*WORK REQUIRED*. The line containing "Warrior Detachable Molle Front Panel - Black" marks the end, so write out exactly every line from the top of the entries below through that one.

*TASK MATERIAL*.
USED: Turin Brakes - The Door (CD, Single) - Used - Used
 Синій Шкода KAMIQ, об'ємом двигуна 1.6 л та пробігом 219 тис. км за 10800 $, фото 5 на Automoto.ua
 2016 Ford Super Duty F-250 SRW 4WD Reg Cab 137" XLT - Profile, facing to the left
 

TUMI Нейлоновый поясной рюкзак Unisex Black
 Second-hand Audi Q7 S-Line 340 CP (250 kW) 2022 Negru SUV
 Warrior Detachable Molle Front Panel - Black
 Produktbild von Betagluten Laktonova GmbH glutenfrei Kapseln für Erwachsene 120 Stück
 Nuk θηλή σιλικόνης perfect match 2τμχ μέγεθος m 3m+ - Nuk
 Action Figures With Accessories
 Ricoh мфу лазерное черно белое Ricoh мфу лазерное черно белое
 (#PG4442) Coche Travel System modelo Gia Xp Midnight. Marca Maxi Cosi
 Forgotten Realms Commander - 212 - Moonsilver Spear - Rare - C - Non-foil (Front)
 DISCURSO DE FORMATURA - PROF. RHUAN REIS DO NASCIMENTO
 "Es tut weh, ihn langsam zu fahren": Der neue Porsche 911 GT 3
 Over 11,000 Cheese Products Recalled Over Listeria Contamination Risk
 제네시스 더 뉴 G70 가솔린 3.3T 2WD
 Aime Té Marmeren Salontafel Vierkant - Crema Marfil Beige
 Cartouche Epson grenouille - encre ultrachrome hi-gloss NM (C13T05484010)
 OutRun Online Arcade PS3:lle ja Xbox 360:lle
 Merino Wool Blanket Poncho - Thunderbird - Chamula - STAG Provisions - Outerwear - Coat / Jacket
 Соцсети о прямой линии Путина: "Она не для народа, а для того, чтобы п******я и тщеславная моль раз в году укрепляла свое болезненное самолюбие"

*ANSWER SPACE*.
USED: Turin Brakes - The Door (CD, Single) - Used - Used
 Синій Шкода KAMIQ, об'ємом двигуна 1.6 л та пробігом 219 тис. км за 10800 $, фото 5 на Automoto.ua
 2016 Ford Super Duty F-250 SRW 4WD Reg Cab 137" XLT - Profile, facing to the left
 

TUMI Нейлоновый поясной рюкзак Unisex Black
 Second-hand Audi Q7 S-Line 340 CP (250 kW) 2022 Negru SUV
 Warrior Detachable Molle Front Panel - Black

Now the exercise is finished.